** Task requirements **
Among the entries that follow, locate the line with "view of yard" and the line with "Fototapeta na wymiar Cup of tea with teapot". Output those lines and all lines in between, exactly, minus the pictures.

** Provided data **
---

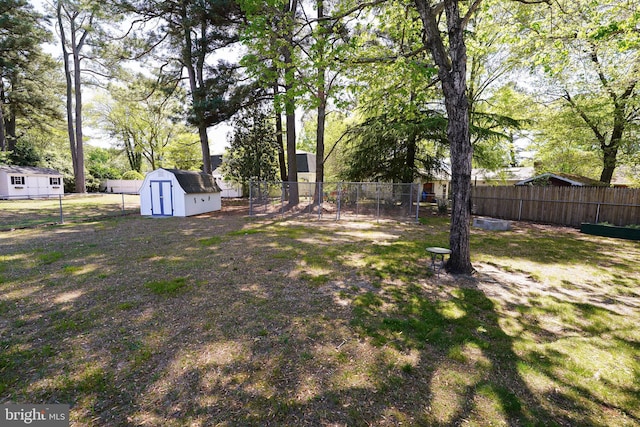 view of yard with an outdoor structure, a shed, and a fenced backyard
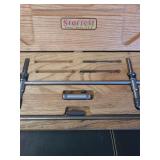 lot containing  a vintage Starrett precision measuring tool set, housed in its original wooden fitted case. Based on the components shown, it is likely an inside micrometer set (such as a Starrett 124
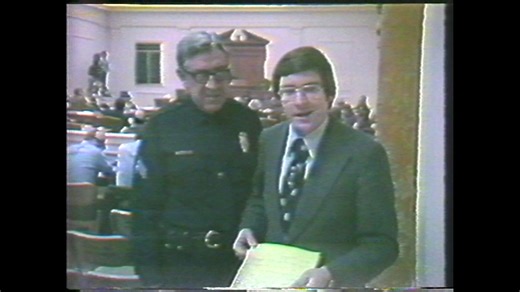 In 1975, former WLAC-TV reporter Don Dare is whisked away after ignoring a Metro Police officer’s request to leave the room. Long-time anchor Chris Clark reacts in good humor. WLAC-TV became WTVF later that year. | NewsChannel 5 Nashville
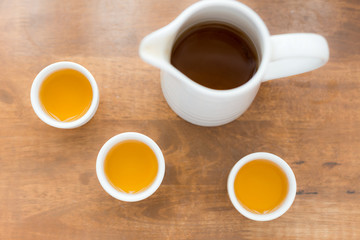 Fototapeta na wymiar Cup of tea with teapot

---

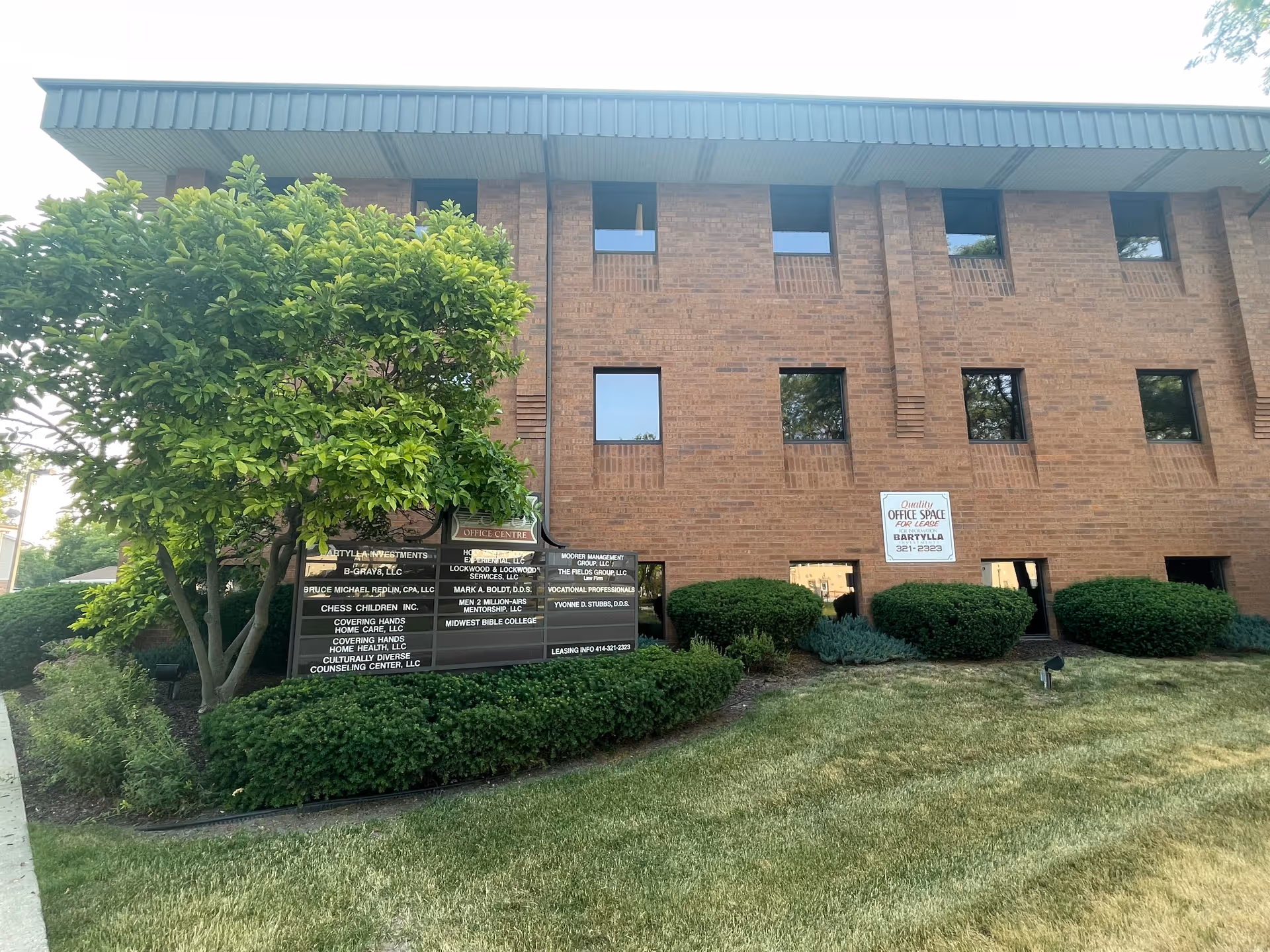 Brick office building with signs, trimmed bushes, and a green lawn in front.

---

** Response to this task **
 view of yard with an outdoor structure, a shed, and a fenced backyard
 lot containing  a vintage Starrett precision measuring tool set, housed in its original wooden fitted case. Based on the components shown, it is likely an inside micrometer set (such as a Starrett 124
 In 1975, former WLAC-TV reporter Don Dare is whisked away after ignoring a Metro Police officer’s request to leave the room. Long-time anchor Chris Clark reacts in good humor. WLAC-TV became WTVF later that year. | NewsChannel 5 Nashville
 Fototapeta na wymiar Cup of tea with teapot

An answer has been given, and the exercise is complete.